Il s’agit donc de garder le cap sur le fond – avec de nouvelles mesures de soutien aux entreprises pour restaurer leurs marges et la compétitivité, dans la droite ligne des 40 milliards d’euros du pacte de responsabilité. “On accélère”, insiste-t-on à Matignon. Mais avec des “ajustements nécessaires”, selon la formule employée par Manuel Valls en présentant à l’Elysée les nouvelles mesures du gouvernement.

“Le dispositif fiscal est plutôt intéressant parce qu’il est ciblé. Donc c’est une politique de l’offre, mais maîtrisée, parce qu’il faut investir dans des biens industriels et plutôt à destination des PME”, juge Mathieu Plane, économiste à l’OFCE (keynésien).

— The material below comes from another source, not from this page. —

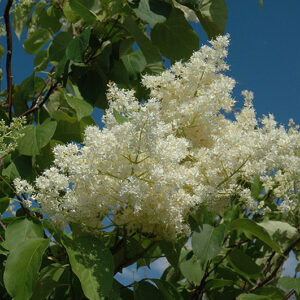 Ivory Silk Tree Lilac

Avec la mesure principale annoncée – une baisse d’impôt sur les sociétés pour les entreprises qui investiront dans les douze prochains mois, via un mécanisme de “suramortissement”- “vous maîtrisez l’orientation fiscale”, souligne-t-il. Avec le CICE “rien n’empêchait, typiquement, d’utiliser le crédit d’impôt pour verser des dividendes, là ce n’est pas possible directement”, salue l’économiste.

Autre signal majeur vers la gauche: la promesse d’un compte personnel d’activité pour le 1er janvier 2017, qui doit “regrouper” plusieurs dispositifs existants déjà jugés complexes (compte formation, pénibilité, droits au chômage rechargeables, comptes épargne-temps…)

Si les proches de Martine Aubry ne se sont pas précipités pour dire leur satisfaction, l’accueil est plutôt favorable.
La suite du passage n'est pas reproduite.